____ Recorded information

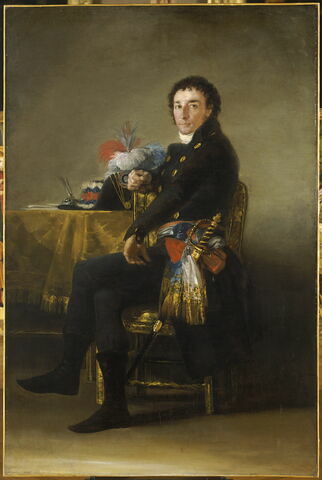 Portrait de Ferdinand Guillemardet, image 3/4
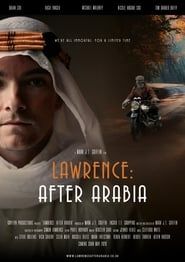 Streaming sources forLawrence After Arabia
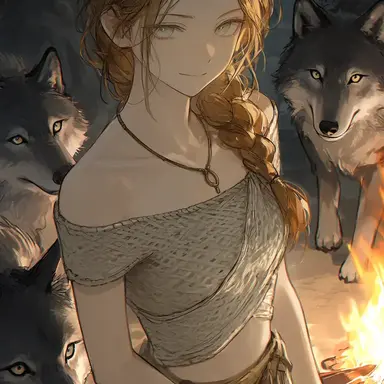 Profile image of Sabel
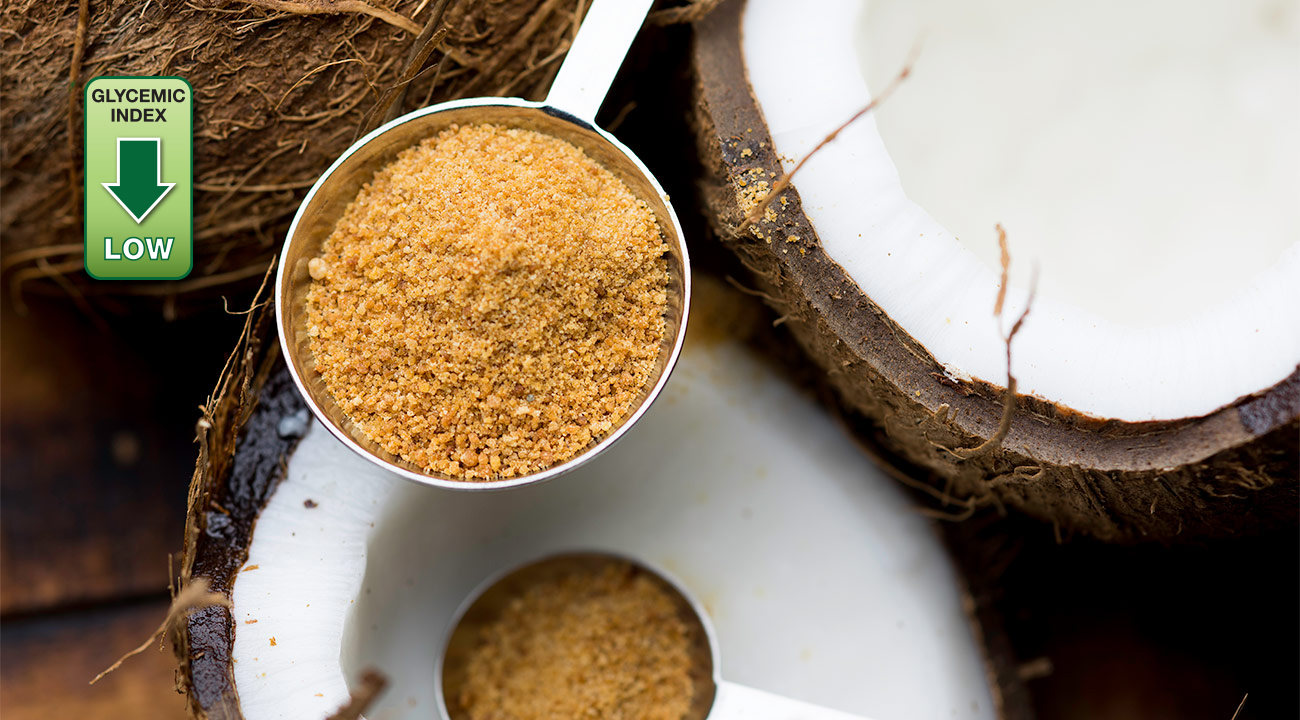 Natural Sweeteners for a Healthy Lifestyle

________

▸ The problem
Repeat each line of the material exactly, please, and skip every picture.

▸ Answer area
 Portrait de Ferdinand Guillemardet, image 3/4
 Streaming sources forLawrence After Arabia
 Profile image of Sabel
 Natural Sweeteners for a Healthy Lifestyle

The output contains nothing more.